US authorities are considering arresting two former JPMorgan Chase & Co employees for their alleged role in masking US$6.2 billion “London Whale” losses, according to two people familiar with the situation.
In the latest twist in a scandal that has tainted the reputation of the largest US bank and led to calls for greater oversight of its chief executive, Jamie Dimon, the main target of the investigation is Javier Martin-Artajo, who worked in London as the direct supervisor of Bruno Iksil, the trader who became known as “the London Whale,” the sources said.
The US is also looking at Julien Grout, Iksil’s junior trader, according to one of the sources. Both sources spoke on condition that they not be otherwise identified, as the investigation is ongoing.
Reuters reported on Thursday that Iksil, who earned his nickname after making outsized bets in a thinly traded derivatives market, is cooperating with the government and will not face any charges. His cooperation is essential to any arrest, the same sources said.

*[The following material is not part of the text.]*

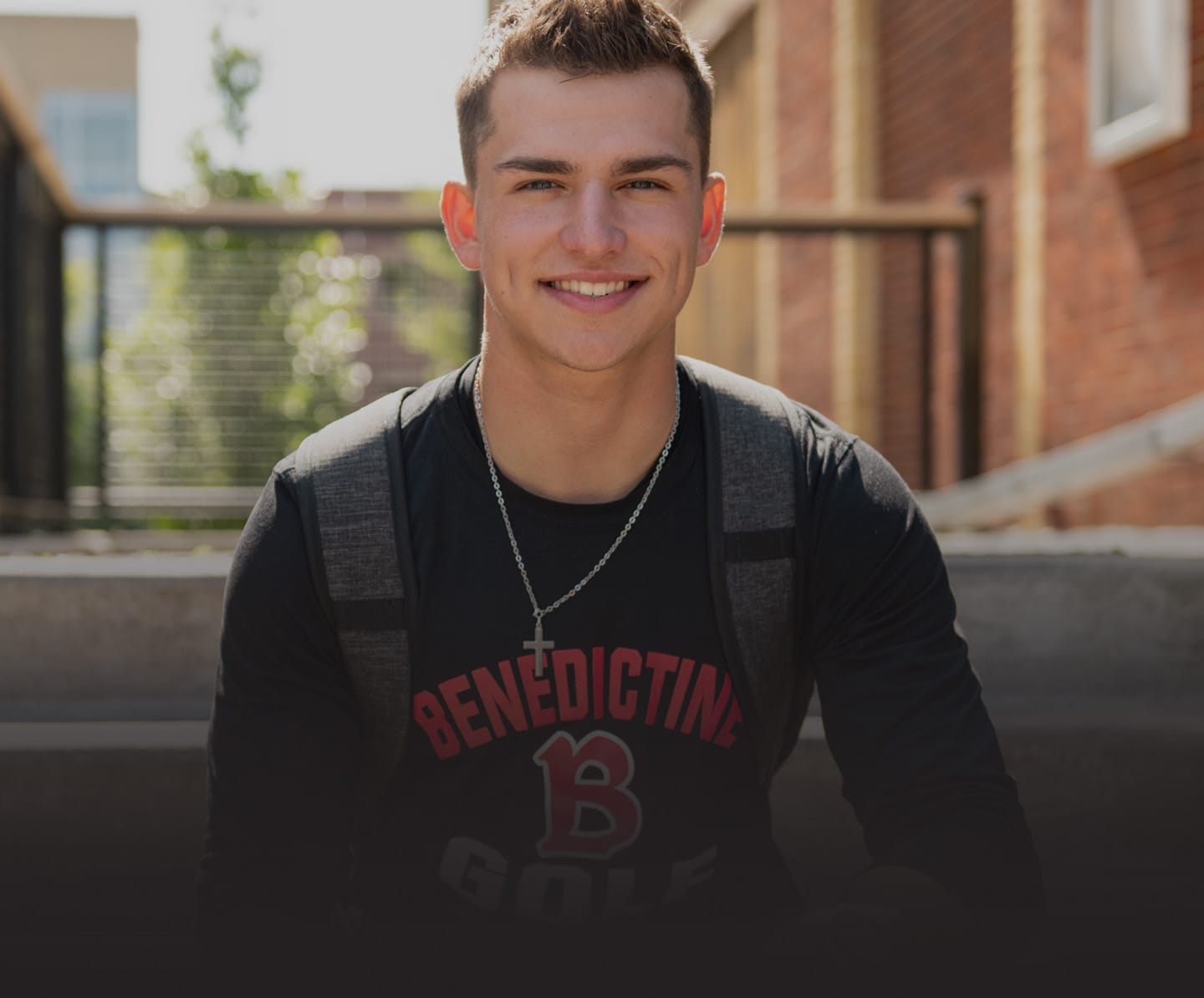 Male student smiling with backpack on steps of Coal Ben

The timing of the possible arrests, which would take place in London, was not clear, the sources said. US authorities plan to extradite the former employees to the US, they said.

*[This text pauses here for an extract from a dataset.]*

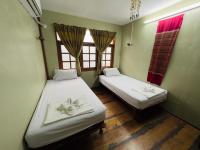 Postel nebo postele na pokoji v ubytování DonMueang Boutique House DonMueang Airport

JPMorgan had to scramble to unwind Iksil’s derivatives positions after they came to light in April last year, leading to the massive loss. The loss highlighted the scale of the bank’s risk-taking activities and sparked public outrage. Critics said JPMorgan should not have been able to engage in such risky behavior while it engaged in commercial banking.
Iksil and his team were employees of the bank’s chief investment office, a group of traders and strategists whose mandate to earn money through bets on exotic products increased after the 2008 financial crisis.

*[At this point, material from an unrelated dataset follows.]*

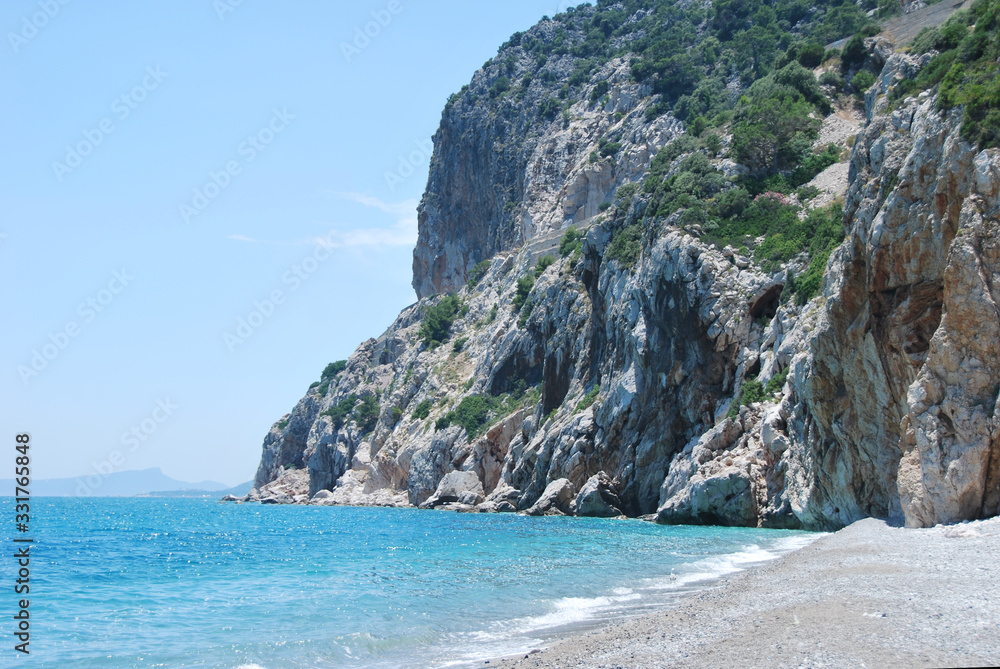 Wild beach on the Mediterranean coast. Empty pebbles beach, turquoise sea and rocks.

Martin-Artajo’s boss, Achilles Macris, the chief investment officer for Europe and Asia, earned billions for the investment office, buying cut-price mortgage-backed securities in the immediate aftermath of the crisis.
The criminal investigation is focusing on whether anyone responsible for the trades tried to deliberately hide the losses by inflating the value at which they were recorded on JPMorgan’s books at the height of the scandal, during the first half of last year.
A source familiar with the structure of the group said Grout recorded the prices of positions on the trading book for the team.
A series of communications between Iksil, Martin-Artajo and others in the bank also show that throughout the early spring, as losses mounted in the portfolio, Iksil argued for the group to cut their losses and sell their positions, but he was ordered to keep increasing them.